Secondo questa concezione, la società di capitali privatistica non può essere considerata neutra nemmeno rispetto ai fini perseguiti da coloro che la costituiscono, poiché caratterizzata dal fatto che il fine deve essere quello dell’acquisizione e ripartizione degli utili tra i soci (lo scopo di lucro).
Tenuto conto delle diverse posizioni, si può affermare che l’attività pubblica esercitata da queste società non è totalmente contrapposta all’elemento imprescindibile dello scopo di lucro, questo finché l’azionista pubblico non la utilizzi solamente per fini pubblici. In tal caso si avrebbe infatti una società ‘anomala’.
Per quanto riguarda il secondo problema esistono numerose posizioni: da Carlo Ibba, che sosteneva una natura in ogni caso privata di tali società, a Maria Renna, secondo la quale se una società nasceva ex lege la disciplina da applicarsi doveva essere eminentemente pubblicistica.
Sostanzialmente esse si basano su due grandi differenze: coloro che guardano alla forma e quelli invece che prendono in considerazione l’attività effettivamente esercitata dalla società. Questo porta ad un risultato abbastanza frastagliato perché il problema viene risolto caso per caso, e la decisione nel caso concreto spetta all’interprete.

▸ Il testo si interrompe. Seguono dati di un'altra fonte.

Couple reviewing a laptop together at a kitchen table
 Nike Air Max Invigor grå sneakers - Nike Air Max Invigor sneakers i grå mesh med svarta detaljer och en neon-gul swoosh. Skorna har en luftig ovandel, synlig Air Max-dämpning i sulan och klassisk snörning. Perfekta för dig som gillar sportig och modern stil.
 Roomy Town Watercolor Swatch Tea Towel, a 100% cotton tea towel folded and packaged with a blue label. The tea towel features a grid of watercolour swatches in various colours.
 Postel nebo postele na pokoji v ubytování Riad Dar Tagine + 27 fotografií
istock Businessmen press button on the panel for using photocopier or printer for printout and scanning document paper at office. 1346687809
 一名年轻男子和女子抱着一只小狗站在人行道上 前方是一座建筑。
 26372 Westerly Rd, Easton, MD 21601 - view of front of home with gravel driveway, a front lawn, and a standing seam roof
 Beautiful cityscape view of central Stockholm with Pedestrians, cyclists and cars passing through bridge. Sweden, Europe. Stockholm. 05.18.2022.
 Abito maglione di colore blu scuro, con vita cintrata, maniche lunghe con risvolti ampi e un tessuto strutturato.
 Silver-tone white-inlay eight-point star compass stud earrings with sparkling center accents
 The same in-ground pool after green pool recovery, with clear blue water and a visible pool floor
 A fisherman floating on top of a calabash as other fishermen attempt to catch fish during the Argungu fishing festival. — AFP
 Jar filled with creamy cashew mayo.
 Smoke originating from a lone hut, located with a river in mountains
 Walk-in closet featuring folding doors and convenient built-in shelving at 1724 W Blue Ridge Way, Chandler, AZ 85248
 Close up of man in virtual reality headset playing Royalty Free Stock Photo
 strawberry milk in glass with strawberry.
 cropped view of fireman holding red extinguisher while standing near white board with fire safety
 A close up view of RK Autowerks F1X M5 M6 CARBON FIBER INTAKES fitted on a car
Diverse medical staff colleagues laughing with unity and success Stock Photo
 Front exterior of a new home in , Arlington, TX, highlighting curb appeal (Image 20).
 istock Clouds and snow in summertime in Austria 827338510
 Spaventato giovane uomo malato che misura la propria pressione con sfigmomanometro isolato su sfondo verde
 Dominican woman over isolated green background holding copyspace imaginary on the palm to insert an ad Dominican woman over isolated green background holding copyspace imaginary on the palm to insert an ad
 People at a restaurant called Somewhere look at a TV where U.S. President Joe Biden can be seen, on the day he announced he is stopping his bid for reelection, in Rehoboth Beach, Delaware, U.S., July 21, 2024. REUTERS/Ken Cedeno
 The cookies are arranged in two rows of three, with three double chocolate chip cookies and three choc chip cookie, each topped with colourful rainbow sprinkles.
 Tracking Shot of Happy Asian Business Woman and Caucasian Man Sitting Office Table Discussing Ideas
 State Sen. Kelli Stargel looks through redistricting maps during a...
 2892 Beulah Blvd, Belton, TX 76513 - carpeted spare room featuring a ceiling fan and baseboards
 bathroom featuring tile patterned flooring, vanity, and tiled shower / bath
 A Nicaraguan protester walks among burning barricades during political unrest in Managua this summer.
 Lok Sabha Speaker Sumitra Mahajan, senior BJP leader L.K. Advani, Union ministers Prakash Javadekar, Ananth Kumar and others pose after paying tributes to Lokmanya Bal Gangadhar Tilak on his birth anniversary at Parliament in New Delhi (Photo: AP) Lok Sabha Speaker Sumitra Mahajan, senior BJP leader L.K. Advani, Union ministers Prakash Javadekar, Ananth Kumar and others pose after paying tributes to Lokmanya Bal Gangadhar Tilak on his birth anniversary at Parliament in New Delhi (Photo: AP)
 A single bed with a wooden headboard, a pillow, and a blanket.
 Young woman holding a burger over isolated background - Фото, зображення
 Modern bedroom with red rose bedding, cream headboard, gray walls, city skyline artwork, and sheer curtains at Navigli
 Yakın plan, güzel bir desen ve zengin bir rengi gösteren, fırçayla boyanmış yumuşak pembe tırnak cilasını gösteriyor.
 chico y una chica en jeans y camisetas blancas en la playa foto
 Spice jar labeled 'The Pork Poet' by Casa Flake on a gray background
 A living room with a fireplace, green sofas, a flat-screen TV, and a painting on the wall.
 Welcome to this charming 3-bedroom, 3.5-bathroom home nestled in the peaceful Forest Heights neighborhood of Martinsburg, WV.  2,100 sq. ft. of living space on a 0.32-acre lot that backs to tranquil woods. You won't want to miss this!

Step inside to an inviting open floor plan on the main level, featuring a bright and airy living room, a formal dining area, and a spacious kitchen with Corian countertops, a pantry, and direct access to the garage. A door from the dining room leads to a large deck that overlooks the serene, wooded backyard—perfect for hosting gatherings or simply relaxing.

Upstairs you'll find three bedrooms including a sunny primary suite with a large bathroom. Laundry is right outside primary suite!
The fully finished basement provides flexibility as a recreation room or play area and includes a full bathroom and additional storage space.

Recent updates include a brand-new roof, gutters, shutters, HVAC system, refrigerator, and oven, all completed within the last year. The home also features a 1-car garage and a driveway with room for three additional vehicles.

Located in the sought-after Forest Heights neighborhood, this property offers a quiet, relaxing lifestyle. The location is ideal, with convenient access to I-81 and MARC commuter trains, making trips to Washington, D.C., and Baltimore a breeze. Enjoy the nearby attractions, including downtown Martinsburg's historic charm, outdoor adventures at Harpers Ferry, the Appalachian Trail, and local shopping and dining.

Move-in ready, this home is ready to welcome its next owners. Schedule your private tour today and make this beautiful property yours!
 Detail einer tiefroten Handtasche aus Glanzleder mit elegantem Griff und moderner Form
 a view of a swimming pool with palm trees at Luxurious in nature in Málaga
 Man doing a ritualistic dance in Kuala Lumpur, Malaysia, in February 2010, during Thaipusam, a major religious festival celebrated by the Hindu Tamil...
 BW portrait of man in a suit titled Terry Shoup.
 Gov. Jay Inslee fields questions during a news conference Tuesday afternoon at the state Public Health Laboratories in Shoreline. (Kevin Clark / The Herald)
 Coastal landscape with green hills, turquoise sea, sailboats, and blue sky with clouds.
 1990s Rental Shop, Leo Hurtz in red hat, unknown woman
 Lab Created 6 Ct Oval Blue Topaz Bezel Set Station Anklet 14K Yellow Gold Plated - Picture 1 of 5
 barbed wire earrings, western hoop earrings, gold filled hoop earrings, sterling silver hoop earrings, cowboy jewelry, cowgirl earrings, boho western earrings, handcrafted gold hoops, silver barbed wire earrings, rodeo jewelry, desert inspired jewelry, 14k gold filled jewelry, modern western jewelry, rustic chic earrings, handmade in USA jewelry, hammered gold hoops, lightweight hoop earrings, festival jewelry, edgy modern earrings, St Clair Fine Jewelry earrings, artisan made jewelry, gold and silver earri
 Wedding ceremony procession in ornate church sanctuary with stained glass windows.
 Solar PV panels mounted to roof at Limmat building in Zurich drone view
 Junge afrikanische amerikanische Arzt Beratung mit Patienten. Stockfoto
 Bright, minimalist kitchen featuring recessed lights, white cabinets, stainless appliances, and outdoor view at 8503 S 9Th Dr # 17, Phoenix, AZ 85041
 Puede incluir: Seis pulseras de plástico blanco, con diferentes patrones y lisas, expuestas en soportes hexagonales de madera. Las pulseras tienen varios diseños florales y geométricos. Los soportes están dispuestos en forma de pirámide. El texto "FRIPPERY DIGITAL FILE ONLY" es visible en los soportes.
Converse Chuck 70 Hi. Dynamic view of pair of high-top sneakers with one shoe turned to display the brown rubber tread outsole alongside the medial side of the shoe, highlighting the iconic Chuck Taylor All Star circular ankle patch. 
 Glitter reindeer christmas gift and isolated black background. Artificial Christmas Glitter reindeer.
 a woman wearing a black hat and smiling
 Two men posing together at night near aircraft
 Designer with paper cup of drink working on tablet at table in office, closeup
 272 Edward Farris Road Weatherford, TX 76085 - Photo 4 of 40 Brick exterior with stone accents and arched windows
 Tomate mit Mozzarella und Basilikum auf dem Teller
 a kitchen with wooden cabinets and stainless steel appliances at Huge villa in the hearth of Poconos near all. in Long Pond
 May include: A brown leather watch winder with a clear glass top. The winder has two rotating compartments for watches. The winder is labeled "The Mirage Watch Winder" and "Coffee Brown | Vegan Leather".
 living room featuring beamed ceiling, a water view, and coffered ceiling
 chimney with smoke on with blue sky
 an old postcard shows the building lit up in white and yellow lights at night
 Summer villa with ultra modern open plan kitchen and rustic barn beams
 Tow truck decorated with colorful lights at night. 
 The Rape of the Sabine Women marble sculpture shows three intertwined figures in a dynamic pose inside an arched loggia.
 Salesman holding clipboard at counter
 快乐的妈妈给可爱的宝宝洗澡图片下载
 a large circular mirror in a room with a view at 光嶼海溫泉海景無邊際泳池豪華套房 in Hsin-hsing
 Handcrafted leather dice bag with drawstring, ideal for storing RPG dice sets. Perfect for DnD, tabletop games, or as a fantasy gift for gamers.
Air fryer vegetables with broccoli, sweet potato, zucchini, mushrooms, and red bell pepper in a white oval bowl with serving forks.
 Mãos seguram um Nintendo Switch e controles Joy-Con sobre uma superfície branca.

A tal proposito è fondamentale richiamare la sentenza 26283/2013 della Corte di Cassazione a Sezioni Unite in cui è stato affrontato il tema della giurisdizione del giudice ordinario o contabile in caso di responsabilità, per mala gestio (con conseguenza di un danno erariale nei confronti della società), di quei soggetti titolari di funzioni amministrative o di controllo all’interno di società di capitali costituite e partecipate da enti pubblici. Il caso di specie, in particolare, è segnato da una peculiarità: la società partecipata danneggiata è una società in house (considerate longa manus dell’amministrazione), ma il principio che si ricava è applicabile a tutte le società partecipate.
Le Sezioni Unite si sono pronunciate sul ricorso per cassazione della sentenza di secondo grado.
La decisione si basa sull’applicazione del principio di neutralità della forma giuridica, ampiamente sostenuta, come si è visto, in dottrina e in giurisprudenza. Da un lato esso afferma l’indifferenza della proprietà (pubblica o privata) di un ente, ai fini dell’individuazione della disciplina che gli si applica. Dall’altro esso comporta l’irrilevanza della forma giuridica, pubblicistica o privatistica di un ente, in quanto ciò che conta è il regime giuridico che ad esso si applica, nei diversi campi in cui può operare.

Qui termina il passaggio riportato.